The difficulty of using a conventional mirror is that when reflected from it, the wave changes the polarization direction. For example, the light of the right circular polarization incident on the mirror will be reflected already with the left circular polarization. After such a reflection, it is difficult to block the light wave because, changing the polarization, it constantly leaks out of this trap through the liquid crystal. However, if you take a layered structure resembling a Napoleon cake made up of identical uniaxial dielectric layers, alternating so that the optical axis of each subsequent layer is rotated 90 degrees from the axis of the previous one, then the problem will be solved! We called this multilayer a polarization-preserving anisotropic mirror. Over a hundred years ago, a stack of several dozen layers of mica was made, the thickness of each was less than a micrometer. If modern high-anisotropic polymers are used instead of mica, and a cholesteric liquid crystal is carefully applied to the surface of such a multilayer mirror, then a locked state we are interested in may arise at the interface,’ — said Natalia Rudakova, an assistant professor of the Department of Physics, SibFU.

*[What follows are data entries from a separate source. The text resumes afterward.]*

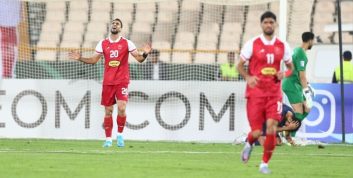 پرسپولیس ؛ سروش رفیعی به صورت ایستاده تقابل پرسپولیس و النصر را تماشا کرد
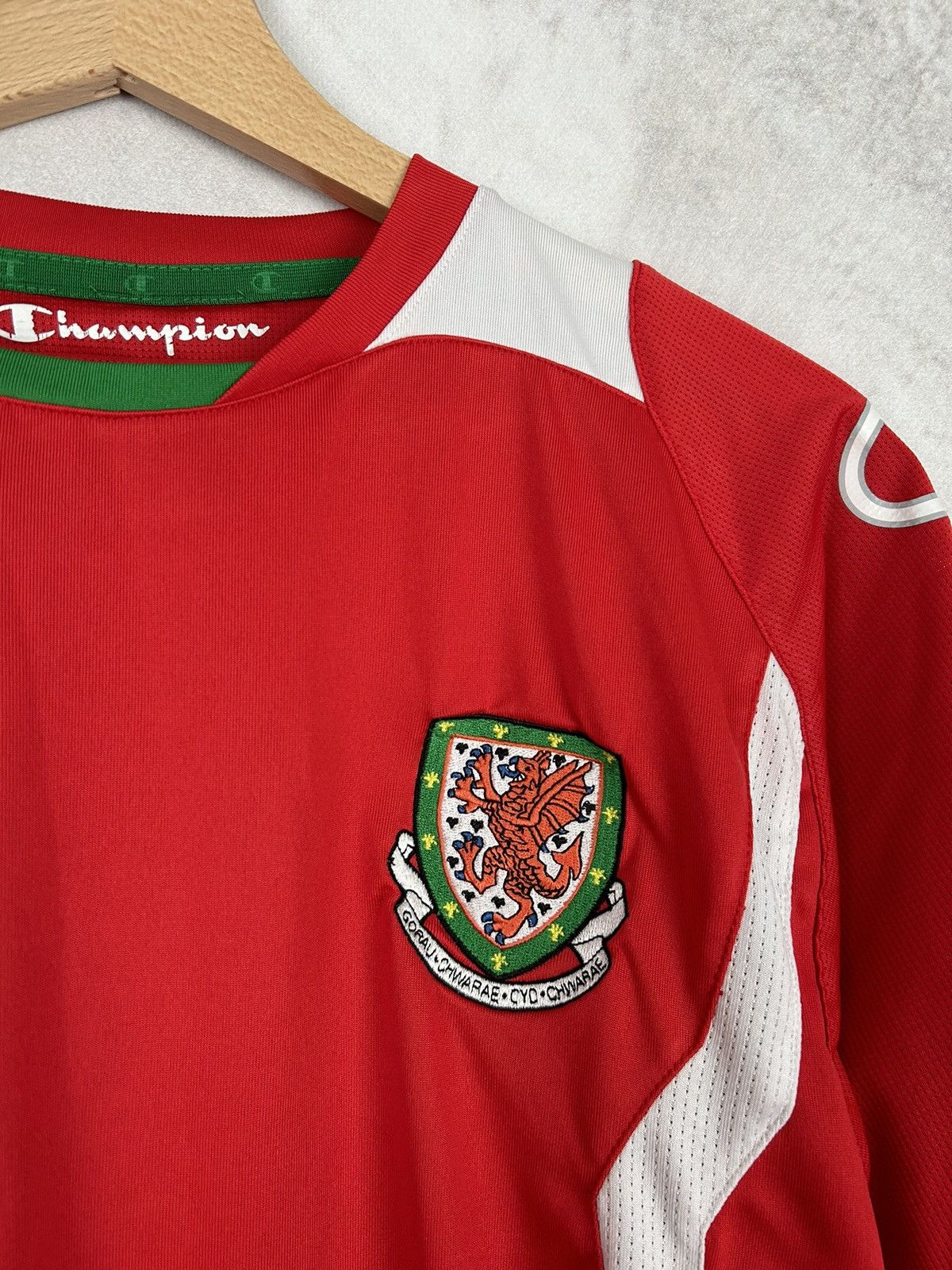Champion Vintage Wales Soccer Jersey Football World Cup Retro Rare Size US S / EU 44-46 / 1 - 3 Thumbnail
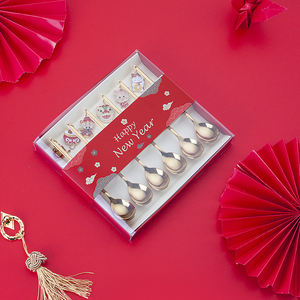 2022 confezione regalo nuovo prodotto confezione titanio tigre Lucky Cat cucchiai ciondolo Set forchetta cucchiai da tè in acciaio inossidabile dorato - Product Image 6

The researchers also noted that the resulting spinning top can be used for a whole range of photonics devices. Lasers with a swirling beam or biosensors that allow you to get an express result of a blood test in a few minutes are just some of the new innovations that can enter our reality thanks to the discovery of physicists.

‘It is very important that the new state is relatively long-lived – it lasts picoseconds and during this time the light reflects from the mirrors thousands of times. We hope that our studies will help to create new types of microlasers and biosensors in the long run. Biosensor systems are assumed to be extremely highly sensitive and fast — it will be possible to conduct a blood test at home and get a quick and accurate result,’ — said Rashid Bikbaev, a senior lecturer of the Department of Electrotechnology and Electrical Engineering, a researcher of the Laboratory of Nanotechnology, Spectroscopy and Quantum Chemistry, SibFU.

The scientific team also included scientists from L. V. Kirensky Institute of Physics, Federal Research Center, Krasnoyarsk Scientific Center, Siberian branch of the Russian Academy of Sciences and Chiao-Tong National University (Taiwan).